On est partagé par le sentiment d’être avec lui au quotidien. J’ai tout de même progressé sur pas mal d’aspects, notamment pour mon futur si jamais j’entraîne. Il amène beaucoup de chose, c’est hyper positif. Après c’est sûr que je sortais de la Coupe du monde 2015, à Castres j’étais capitaine, et du jour au lendemain, je suis passé de l’équipe de France à remplaçant au Racing, voire même parfois 24e joueur. Il y a eu des moments vraiment compliqués. Mais je le respecte vraiment beaucoup pour ça, et c’était une concurrence saine. Ça se passait très bien et je ne souhaite jamais la blessure de quelqu’un. C’était Dan Carter, un concurrent compliqué! (Sourire)

Ce week-end, vous aurez encore du temps de jeu à Castres, votre ancienne équipe. Dans quel état d’esprit êtes-vous?

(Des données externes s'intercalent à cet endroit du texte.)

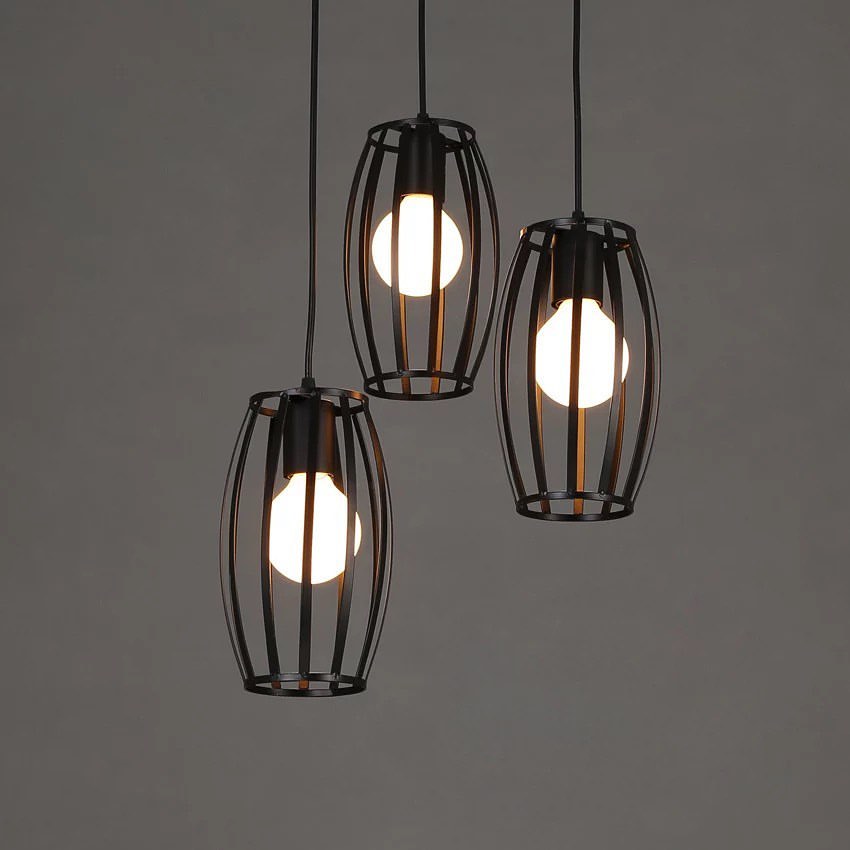 Modern Pendant Lighting with Black Wireframe Design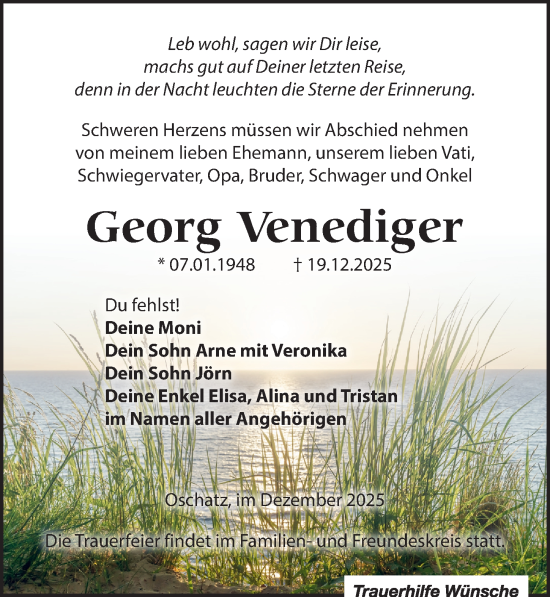 Traueranzeige von Georg Venediger von Leipziger Volkszeitung
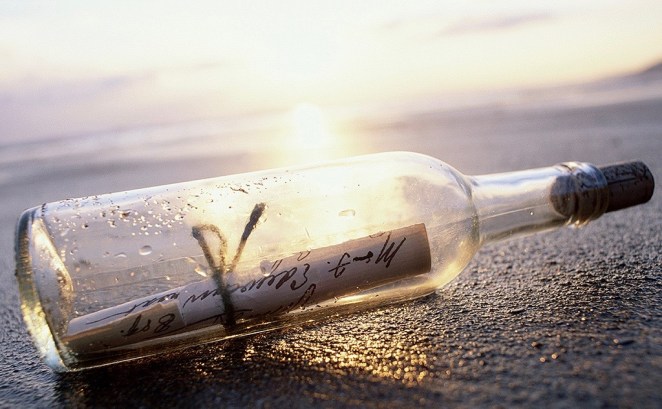 bottle on beach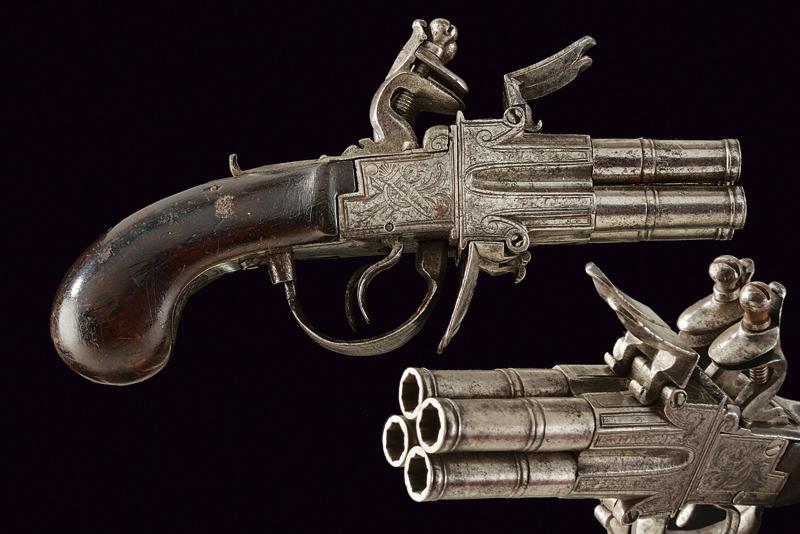 A rare four barrelled flintlock boxlock pistol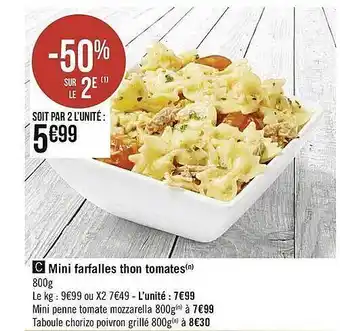 Casino Supermarchés Mini Farfalles Thon Tomates offre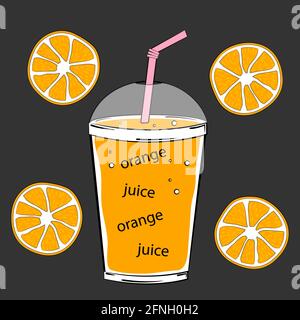 Vektorgrafik Orangensaft auf grauem Hintergrund. Stock Vektor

Ce sont toujours des matchs particuliers contre Castres. J’espère que ça se passera mieux que le premier match de la saison. C’est là que j’ai connu mes plus grosses émotions. Avec Castres, j’ai été en équipe de France, j’ai été capitaine, j’ai été champion de France, finaliste. Une autre année on a joué le maintien. J’ai eu 4 années pleines là-bas, et ça sera particulier samedi quand je vais revenir. En plus ils ont refait la nouvelle tribune que je ne connais pas. C’est sûr que de retrouver les anciens coéquipiers, les amis que j’ai laissés là-bas, ça fait toujours quelque chose. C’est quand même sympa.

Quel regard portez-vous sur ces Castrais?

Ils sont comme nous, sur une super dynamique. Ils ont fait un match énorme à Toulouse le week-end dernier. On sait que ça va être très compliqué, surtout à domicile, ils sont compliqués à jouer. Et ils vont être en confiance. Il ne va pas falloir faire le même début de match que contre le Stade Français, autrement, ça va être très long.

Comment imaginez-vous votre futur? A Mont-de-Marsan, le club de vos débuts?

Je vais continuer à jouer au rugby en tout cas, ça c’est une certitude. Je me sens bien. C’est ma passion. Il ne me reste plus beaucoup de temps à jouer. J’ai encore énormément envie de prendre du plaisir. Je veux retrouver un club où je me sens bien, où il y a un projet intéressant et être au cœur du projet. Je ne me fixe pas de barrière. Ça sera ma tête et mon corps qui me diront quand ça sera l’heure d’arrêter. Il y a des discussions avec quelques clubs, mais c’est vrai que c’est mon club de formation, mon meilleur ami qui est là-bas, on a commencé le rugby ensemble à cinq ans (ndlr: Romain Cabannes). L’intérêt de Mont-de-Marsan est important mais j’ai d’autres pistes donc ça va être un tout à réfléchir, avec ma famille aussi, je ne suis pas le seul à décider maintenant. C’est sûr que les Landes, c’est une option.